The kinetic energy of a body of mass $m$ and velocity $v$ is defined to be $\frac{1}{2}mv^2$ and its potential energy due to some force $F$ is defined as a function of its position $r$ with respect to some reference position $r_0$ as $PE=-\int_{r_0}^rFdr$

So, the absolute total energy of a body can be calculated as: $$E=\frac{1}{2}mv^2-\int_{r_0}^rFdr$$

Now, this $E$ remains unchanged even if the position and velocity of the body changes if all the forces are conservative. But let's see how the change in $E$ is defined:

The change in $E$ is the change in $PE$ + the change in $KE$.

Now, the change in $KE$ is just equal to the work done.

$$\delta KE= \int_{r_1}^{r_2}Fdr......(1)$$ By the changing variable into $v$ $$=\int_{v_1}^{v_2}mvdv$$ $$=\frac{1}{2}m(v_2^2-v_1^2)$$

And, change in PE as the body moves from $r_1$ to $r_2$ is: $$\delta PE=-\int_{r_1}^{r_2}Fdr....(2)$$

Note that the integrals $(1)$ and $(2)$ just differ by sign. So, it's no surprise that the net change remains $0$. To evaluate the expression of change in $KE$, we change the variables of the integral to $v$. And, to get the expression for change in $PE$, we don't change the variable and we evaluate the negative of the same integral in terms of position.
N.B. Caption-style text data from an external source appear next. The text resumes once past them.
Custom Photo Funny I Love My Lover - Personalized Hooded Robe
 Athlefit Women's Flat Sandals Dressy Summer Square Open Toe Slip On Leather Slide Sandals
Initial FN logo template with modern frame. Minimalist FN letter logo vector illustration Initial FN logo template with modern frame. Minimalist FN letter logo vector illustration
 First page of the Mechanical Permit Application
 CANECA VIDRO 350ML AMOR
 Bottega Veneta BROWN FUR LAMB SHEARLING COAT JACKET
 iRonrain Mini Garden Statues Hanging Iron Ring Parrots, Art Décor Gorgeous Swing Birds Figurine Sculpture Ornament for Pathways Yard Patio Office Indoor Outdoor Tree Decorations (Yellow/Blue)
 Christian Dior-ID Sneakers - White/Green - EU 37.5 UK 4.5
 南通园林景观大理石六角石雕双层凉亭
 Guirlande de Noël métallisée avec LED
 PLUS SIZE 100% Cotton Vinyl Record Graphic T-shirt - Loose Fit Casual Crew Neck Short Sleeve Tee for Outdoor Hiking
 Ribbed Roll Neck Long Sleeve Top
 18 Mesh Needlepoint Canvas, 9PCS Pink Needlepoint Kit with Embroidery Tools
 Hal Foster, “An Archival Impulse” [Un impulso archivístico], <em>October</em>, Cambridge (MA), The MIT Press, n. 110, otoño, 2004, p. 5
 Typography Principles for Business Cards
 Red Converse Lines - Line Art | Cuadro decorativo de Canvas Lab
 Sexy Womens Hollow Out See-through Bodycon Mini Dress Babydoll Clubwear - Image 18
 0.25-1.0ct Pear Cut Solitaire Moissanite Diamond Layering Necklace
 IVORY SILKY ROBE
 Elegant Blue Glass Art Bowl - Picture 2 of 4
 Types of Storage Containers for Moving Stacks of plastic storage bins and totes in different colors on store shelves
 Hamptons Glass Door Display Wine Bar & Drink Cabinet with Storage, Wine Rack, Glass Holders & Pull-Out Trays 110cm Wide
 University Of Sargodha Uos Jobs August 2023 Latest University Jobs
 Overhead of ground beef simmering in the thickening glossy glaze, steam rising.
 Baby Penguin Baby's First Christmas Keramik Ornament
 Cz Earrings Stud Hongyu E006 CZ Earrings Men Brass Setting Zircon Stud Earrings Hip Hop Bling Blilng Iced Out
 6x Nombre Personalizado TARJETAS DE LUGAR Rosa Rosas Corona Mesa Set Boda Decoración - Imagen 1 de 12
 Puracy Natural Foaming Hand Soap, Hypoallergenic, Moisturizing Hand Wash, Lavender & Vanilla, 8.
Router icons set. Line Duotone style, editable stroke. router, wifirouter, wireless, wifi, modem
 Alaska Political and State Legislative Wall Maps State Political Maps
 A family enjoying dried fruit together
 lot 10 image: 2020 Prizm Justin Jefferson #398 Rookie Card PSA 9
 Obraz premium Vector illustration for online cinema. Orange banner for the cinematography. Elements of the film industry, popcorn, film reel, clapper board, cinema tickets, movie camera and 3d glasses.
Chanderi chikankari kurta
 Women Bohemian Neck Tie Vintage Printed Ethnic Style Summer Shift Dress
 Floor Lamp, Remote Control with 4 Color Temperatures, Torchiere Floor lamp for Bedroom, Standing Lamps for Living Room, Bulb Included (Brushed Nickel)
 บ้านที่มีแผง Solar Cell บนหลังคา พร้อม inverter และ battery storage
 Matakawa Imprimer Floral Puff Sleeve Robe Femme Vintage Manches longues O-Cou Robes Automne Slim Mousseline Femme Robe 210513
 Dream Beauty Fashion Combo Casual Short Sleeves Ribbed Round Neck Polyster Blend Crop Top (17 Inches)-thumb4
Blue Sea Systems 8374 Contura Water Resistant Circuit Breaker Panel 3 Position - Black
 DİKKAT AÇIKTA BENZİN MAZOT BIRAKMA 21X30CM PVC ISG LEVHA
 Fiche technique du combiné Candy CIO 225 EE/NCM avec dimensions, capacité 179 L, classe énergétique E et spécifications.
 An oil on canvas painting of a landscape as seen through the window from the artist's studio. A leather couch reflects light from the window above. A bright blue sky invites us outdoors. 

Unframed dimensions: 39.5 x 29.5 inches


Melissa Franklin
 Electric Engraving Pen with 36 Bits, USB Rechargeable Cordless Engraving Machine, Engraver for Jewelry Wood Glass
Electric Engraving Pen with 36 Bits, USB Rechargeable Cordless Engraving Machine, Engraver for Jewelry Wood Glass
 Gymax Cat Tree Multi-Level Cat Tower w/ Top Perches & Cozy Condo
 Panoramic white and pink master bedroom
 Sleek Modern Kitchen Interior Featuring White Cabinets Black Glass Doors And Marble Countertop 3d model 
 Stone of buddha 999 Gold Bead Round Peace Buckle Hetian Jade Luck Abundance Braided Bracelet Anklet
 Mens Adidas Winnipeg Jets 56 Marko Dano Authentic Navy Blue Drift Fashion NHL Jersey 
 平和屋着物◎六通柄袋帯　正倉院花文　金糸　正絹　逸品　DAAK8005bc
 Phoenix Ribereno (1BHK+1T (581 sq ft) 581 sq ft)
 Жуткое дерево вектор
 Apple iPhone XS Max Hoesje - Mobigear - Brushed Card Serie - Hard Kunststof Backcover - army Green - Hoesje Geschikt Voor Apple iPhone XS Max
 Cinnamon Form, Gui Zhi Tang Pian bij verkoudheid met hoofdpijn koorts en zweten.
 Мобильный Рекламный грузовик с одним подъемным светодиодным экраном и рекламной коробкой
If change in $PE$ is just defined to be negative of change in $KE$, then isn't it trivial that the net energy remains unchanged?

Even I can attribute an unchanged quantity to a body. Suppose a body is acted upon by a force $F$ and I attribute this quantity to the body:

$$A=m\ln(v)-\int_{t_0}^t\frac{F}{v}dt$$ $t_0$ is any arbitrarily chosen time. This quantity is made up of two quantities: $B=m\ln(v)$ and $C=-\int_{t_0}^t\frac{F}{v}dt$.

The change in $C$ as the time changes from $t_1$ to $t_2$ is:

$$\delta C=-\int_{t_1}^{t_2}\frac{F}{v}dt$$

Suppose the velocity of the body at time $t_1$ is $v_1$ and at time $t_2$ is $v_2$. Now, the change in $B$ as the velocity of the body changes from $v_1$ to $v_2$ is:

$$\delta B=m(\ln(v_2)-\ln(v_1))$$ $$=\int_{v_1}^{v_2}\frac{mdv}{v}$$ $$=\int_{v_1}^{v_2}\frac{mdv}{vdt}dt$$ $$=\int_{t_1}^{t_2}\frac{F}{v}dt$$ $$=-\delta C$$

So, $\delta B+\delta C=0$. Hence, $\delta A=0$. So, $A$ is also an invariant quantity. Then, what's so special about conservation of energy if numerous invariant quantities like $A$ can be attributed to a body?

In fact, defining $PE$ requires the force to be conservative because there can be infinitely many paths joining point $r_0$ to $r$ and we require $PE$ to be independent of path followed. But for defining the quantity $C$ there is no such restriction on the nature of force because time can only flow along a unique path from $t_0$ to $t$. $PE$ relates every point in space to a number whereas $C$ relates every time instant to a number.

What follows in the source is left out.